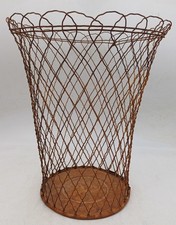 Corbeille à papier en fil de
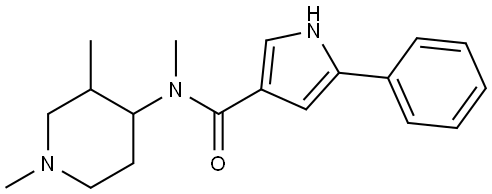 N-(1,3-dimethylpiperidin-4-yl)-N-methyl-5-phenyl-1H-pyrrole-3-carboxamide Structure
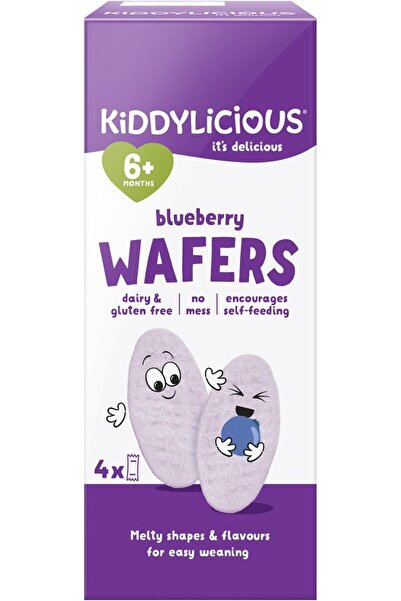 Kiddylicious رقائق التوت الأزرق، خالية من الغلوتين ومنتجات الألبان، مناسبة لل...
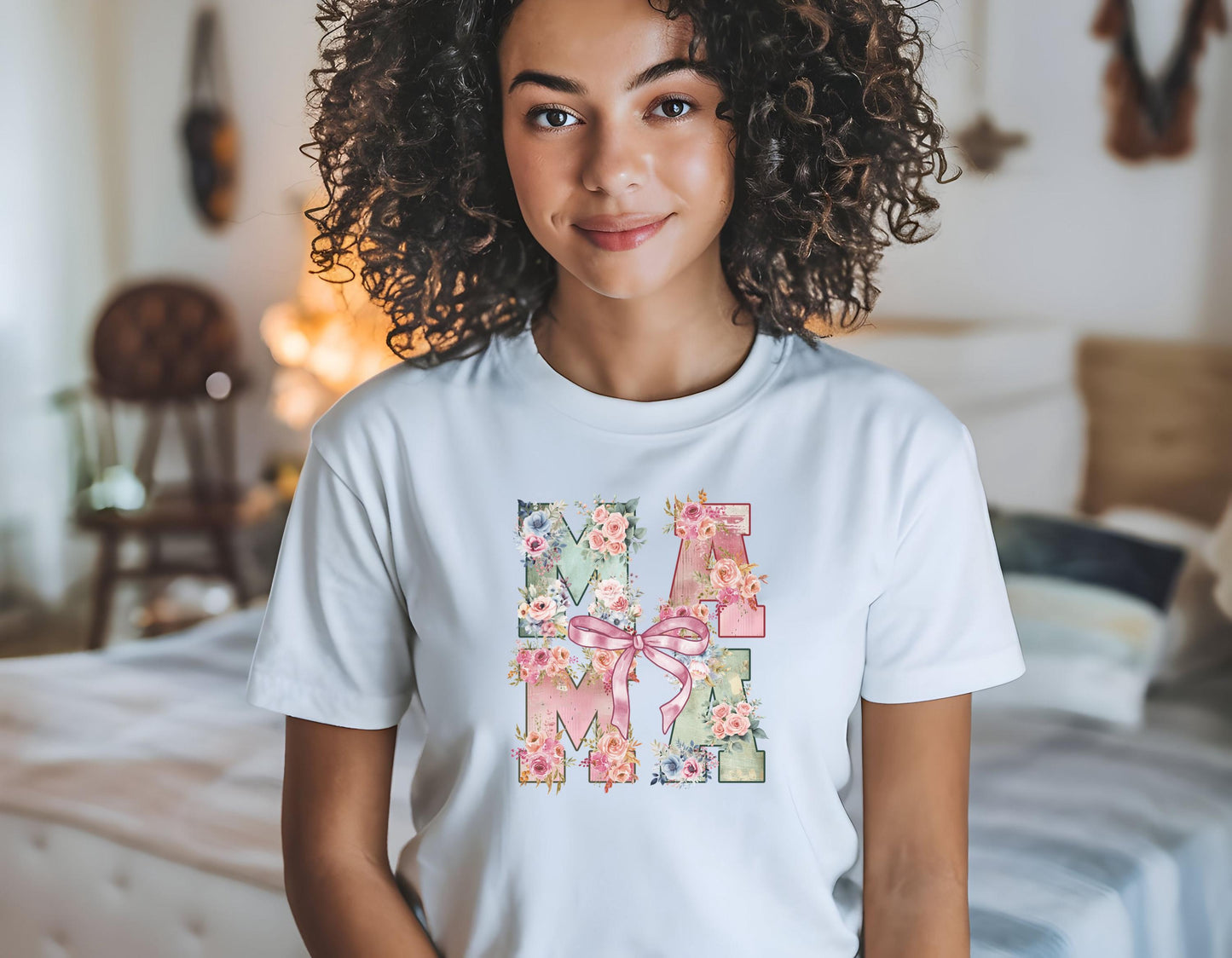 Floral Mom Tee Perfect Gift for Mother's Day Unisex Jersey Short Sleeve Shirt Casual Wear for Moms Stylish Gift for Moms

> _TO DO_
Everything above should be given again exactly, apart from the pictures.

> _THE COMPLETED TASK_
 Corbeille à papier en fil de
 N-(1,3-dimethylpiperidin-4-yl)-N-methyl-5-phenyl-1H-pyrrole-3-carboxamide Structure
 Kiddylicious رقائق التوت الأزرق، خالية من الغلوتين ومنتجات الألبان، مناسبة لل...
 Floral Mom Tee Perfect Gift for Mother's Day Unisex Jersey Short Sleeve Shirt Casual Wear for Moms Stylish Gift for Moms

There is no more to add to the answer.